WORK REQUEST —
Quote every line from the top of the listing down to and including the line that contains "Рено Меган, объемом".

PROVIDED MATERIAL —
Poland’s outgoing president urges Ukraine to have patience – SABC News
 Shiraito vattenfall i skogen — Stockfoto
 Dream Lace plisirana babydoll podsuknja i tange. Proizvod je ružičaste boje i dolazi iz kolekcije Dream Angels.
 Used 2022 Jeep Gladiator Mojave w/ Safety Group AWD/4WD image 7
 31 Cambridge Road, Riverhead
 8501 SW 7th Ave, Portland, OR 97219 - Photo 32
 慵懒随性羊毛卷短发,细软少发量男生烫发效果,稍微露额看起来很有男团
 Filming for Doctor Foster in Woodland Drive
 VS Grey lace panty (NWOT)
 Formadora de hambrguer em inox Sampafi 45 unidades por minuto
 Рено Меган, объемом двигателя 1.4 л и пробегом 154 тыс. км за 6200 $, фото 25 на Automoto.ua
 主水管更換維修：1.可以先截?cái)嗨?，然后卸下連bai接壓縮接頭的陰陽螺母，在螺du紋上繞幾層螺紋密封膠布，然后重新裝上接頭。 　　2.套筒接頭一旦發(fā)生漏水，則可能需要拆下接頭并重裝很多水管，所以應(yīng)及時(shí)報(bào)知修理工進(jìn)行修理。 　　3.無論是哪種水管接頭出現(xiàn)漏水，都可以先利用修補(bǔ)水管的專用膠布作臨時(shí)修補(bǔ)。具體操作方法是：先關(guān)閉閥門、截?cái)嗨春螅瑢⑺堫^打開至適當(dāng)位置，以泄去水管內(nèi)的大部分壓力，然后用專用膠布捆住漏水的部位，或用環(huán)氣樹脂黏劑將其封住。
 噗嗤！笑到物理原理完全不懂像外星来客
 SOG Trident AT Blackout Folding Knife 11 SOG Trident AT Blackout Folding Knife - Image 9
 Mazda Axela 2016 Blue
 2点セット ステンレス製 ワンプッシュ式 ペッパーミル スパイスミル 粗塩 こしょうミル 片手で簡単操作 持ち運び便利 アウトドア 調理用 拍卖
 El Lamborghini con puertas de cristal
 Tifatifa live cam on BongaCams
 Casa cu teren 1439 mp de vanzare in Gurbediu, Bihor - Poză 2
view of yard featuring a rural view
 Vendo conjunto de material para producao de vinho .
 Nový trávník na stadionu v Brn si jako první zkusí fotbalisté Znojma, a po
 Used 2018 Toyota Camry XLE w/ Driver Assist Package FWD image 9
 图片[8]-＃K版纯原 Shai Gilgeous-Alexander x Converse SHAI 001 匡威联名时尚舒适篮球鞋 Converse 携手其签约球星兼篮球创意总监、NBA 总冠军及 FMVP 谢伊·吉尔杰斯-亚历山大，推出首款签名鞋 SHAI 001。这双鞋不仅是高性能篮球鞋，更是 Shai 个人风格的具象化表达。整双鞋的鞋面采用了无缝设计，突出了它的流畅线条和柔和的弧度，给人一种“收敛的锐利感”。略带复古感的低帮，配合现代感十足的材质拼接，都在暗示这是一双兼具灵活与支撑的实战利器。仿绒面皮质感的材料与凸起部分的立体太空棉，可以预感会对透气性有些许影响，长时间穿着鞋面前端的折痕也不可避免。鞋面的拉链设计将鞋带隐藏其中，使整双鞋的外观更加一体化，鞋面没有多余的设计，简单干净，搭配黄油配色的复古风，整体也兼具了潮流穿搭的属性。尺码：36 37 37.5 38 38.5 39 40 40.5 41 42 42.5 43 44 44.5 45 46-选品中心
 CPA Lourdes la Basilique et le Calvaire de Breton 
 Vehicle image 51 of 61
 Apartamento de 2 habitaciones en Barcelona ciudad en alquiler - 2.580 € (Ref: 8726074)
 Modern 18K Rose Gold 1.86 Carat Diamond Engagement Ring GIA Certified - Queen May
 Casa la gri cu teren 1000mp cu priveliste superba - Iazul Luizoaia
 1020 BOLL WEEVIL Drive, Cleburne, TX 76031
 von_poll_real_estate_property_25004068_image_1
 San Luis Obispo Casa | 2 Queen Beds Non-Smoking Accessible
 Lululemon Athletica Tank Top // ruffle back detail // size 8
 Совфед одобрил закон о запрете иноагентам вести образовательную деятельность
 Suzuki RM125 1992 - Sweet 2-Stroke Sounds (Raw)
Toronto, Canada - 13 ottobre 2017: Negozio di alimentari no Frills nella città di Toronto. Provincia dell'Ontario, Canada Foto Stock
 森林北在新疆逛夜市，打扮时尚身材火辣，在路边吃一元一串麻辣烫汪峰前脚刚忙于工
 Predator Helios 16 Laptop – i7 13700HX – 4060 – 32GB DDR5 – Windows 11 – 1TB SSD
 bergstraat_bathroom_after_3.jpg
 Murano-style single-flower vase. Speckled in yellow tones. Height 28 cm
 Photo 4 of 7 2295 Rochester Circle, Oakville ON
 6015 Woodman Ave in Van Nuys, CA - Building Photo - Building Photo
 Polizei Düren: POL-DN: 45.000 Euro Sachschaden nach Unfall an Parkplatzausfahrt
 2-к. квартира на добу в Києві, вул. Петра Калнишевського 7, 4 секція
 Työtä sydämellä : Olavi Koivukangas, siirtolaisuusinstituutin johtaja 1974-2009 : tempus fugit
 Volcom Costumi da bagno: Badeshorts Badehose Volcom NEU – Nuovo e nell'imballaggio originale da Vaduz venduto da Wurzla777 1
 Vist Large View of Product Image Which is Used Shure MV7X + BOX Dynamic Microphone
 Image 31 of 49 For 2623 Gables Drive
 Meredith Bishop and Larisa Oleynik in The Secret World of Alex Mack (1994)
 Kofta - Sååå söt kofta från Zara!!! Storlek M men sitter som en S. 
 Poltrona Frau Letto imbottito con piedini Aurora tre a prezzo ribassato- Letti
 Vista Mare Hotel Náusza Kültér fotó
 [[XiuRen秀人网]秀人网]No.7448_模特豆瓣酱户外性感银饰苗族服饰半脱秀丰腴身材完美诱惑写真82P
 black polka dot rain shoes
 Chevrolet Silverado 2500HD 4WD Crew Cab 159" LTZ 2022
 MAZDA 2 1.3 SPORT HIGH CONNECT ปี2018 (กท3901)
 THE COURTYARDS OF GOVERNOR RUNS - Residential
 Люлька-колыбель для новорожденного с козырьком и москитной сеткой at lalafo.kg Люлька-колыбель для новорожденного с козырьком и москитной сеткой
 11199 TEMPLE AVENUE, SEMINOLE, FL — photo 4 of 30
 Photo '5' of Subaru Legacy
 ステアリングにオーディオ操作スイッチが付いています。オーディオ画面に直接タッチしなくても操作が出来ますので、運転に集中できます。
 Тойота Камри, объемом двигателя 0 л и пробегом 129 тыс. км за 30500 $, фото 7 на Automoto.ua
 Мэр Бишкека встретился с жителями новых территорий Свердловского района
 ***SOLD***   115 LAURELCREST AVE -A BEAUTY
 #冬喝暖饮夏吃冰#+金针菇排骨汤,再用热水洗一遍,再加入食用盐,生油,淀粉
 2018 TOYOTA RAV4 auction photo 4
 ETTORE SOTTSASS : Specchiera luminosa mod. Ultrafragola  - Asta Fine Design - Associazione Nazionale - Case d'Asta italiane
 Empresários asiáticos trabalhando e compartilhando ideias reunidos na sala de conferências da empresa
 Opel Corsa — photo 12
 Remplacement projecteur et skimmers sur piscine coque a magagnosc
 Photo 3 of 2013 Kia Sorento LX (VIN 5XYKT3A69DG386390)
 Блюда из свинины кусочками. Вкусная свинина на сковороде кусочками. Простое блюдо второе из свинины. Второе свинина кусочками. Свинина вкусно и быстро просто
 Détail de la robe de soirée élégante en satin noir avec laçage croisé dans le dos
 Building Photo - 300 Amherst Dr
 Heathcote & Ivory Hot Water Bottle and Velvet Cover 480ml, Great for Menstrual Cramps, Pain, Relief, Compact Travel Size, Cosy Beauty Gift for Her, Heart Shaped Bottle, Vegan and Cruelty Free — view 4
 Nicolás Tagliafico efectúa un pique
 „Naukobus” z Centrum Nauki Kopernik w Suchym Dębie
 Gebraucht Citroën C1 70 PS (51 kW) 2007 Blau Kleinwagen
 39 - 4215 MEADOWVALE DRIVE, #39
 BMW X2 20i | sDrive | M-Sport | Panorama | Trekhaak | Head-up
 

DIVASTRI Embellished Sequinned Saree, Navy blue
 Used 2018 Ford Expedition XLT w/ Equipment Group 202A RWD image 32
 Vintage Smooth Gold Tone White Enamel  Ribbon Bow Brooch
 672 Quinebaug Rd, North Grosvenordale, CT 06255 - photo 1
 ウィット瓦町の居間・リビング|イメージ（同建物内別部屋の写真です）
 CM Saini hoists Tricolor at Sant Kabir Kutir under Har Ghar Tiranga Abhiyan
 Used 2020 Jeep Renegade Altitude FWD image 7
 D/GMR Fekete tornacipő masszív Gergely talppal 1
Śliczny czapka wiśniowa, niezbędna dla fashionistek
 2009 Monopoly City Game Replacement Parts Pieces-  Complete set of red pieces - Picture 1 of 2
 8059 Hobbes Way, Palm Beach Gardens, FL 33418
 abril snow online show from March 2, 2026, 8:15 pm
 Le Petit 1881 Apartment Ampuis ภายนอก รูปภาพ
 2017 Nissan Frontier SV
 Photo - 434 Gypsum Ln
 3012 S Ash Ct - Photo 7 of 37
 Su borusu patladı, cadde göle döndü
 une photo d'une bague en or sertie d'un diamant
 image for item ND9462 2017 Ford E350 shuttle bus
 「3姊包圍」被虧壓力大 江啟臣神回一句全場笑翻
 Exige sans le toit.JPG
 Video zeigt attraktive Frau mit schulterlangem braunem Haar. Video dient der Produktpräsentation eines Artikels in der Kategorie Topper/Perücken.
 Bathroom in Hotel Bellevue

ANSWER TO THIS EXERCISE —
Poland’s outgoing president urges Ukraine to have patience – SABC News
 Shiraito vattenfall i skogen — Stockfoto
 Dream Lace plisirana babydoll podsuknja i tange. Proizvod je ružičaste boje i dolazi iz kolekcije Dream Angels.
 Used 2022 Jeep Gladiator Mojave w/ Safety Group AWD/4WD image 7
 31 Cambridge Road, Riverhead
 8501 SW 7th Ave, Portland, OR 97219 - Photo 32
 慵懒随性羊毛卷短发,细软少发量男生烫发效果,稍微露额看起来很有男团
 Filming for Doctor Foster in Woodland Drive
 VS Grey lace panty (NWOT)
 Formadora de hambrguer em inox Sampafi 45 unidades por minuto
 Рено Меган, объемом двигателя 1.4 л и пробегом 154 тыс. км за 6200 $, фото 25 на Automoto.ua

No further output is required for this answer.